# A few ongoing issues - Chat Link and Security Token



## GB (Oct 3, 2008)

We just wanted to let you guys know that we have not forgotten about these issues.

We are still looking into a way to get the chat link back. There is an incompatibility issue with the chat link and the newest software. Once we can figure out a way around that then we will get that back for you.

We know that some people get a message about a security token missing when they try to vote in polls. This is another issue that is known, but we do not yet have a solution that will fix it. If you do get that security token missing message please try voting again in a little while. That has worked for some members.

We will continue to work on these issues and when we do have solutions we will let you know.

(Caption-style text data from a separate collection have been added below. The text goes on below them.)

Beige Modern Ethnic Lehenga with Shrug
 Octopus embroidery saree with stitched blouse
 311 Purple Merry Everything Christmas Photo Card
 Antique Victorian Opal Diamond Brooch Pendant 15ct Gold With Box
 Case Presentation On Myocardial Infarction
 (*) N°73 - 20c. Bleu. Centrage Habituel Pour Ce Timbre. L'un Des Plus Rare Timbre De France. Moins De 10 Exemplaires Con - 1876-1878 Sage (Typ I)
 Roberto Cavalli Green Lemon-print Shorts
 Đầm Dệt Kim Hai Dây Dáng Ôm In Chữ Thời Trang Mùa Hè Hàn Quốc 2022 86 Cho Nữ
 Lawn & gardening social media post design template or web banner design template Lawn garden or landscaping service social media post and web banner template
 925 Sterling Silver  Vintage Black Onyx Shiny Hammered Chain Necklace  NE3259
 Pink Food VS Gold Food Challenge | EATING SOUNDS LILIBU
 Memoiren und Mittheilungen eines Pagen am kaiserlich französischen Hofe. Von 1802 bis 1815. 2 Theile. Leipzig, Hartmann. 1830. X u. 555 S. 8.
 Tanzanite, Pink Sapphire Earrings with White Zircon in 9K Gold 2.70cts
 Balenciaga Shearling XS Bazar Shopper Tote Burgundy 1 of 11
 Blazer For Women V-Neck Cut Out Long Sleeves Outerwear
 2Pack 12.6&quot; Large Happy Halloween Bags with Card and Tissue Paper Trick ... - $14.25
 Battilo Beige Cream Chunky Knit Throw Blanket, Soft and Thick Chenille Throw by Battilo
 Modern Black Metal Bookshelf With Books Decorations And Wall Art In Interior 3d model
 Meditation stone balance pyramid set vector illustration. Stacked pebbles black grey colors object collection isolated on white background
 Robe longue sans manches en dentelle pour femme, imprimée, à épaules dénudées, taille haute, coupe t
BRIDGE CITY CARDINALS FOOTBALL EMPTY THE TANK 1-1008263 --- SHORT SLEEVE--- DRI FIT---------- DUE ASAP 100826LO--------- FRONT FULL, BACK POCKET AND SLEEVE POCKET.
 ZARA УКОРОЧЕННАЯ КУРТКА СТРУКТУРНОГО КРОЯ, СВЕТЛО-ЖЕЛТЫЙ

The issue with the font colors should be fixed now. Janet H. was working on that yesterday and thanks to her hard work that is one thing we can scratch off the list of things to do.


----------



## TATTRAT (Oct 3, 2008)

Thanks for the hard work all!


----------



## kadesma (Oct 3, 2008)

Thank you for all you do..Please take a bow
kadesma


----------



## pacanis (Oct 3, 2008)

Yes, Thanks GB!
Especially for that security token thing messing with the polls. I am all eyes on this toilet paper poll. Matters this serious need to be accounted for as accurately as possible.


----------



## GB (Oct 3, 2008)

kadesma said:


> Thank you for all you do..Please take a bow
> kadesma



Yes, i do not think many people know that we have some very hard working people behind the scenes who do not often post on the board. Janet H. has been an amazing asset to this site. She has done so much to improve this place without most people even realizing it. Thanks Janet!!!


----------



## GB (Oct 3, 2008)

pacanis said:


> Yes, Thanks GB!


Oh please so not thank me. I am just the messenger in this particular case. The thanks goes to Janet H and Andy R.


----------



## GB (Oct 3, 2008)

Here is a little bit that might help with the polls...



			
				Janet H. said:
			
		

> One hint about the polls until we can get this fixed...
> 
> You should be able to vote on a poll from the thread that it was originally posted to. The problem seems to be when you try to vote directly from the feed on the portal page you get the error message.


----------



## Adillo303 (Oct 3, 2008)

Thank you GB, Kitchenelf, Alix, AnryR and Janet H. Alos anyone else behind the curtain that I don't know about. This site ai a joy and the bumps in the road minor compared to the posatives.

AC

I don't know if this helps anyone or not. I tried to upload pix four at at ime and got the security token error. One at a time, no error.

AC


----------



## miniman (Oct 3, 2008)

the site runs so smoothly - thanks to all the behind the scenes techies and to the mods and, as an administrator myself, GBs role is probably the most thankless but a great job is done.

THANK YOU TO ALL.


----------



## quicksilver (Oct 3, 2008)

Thanks for everything you do, to everyone.


----------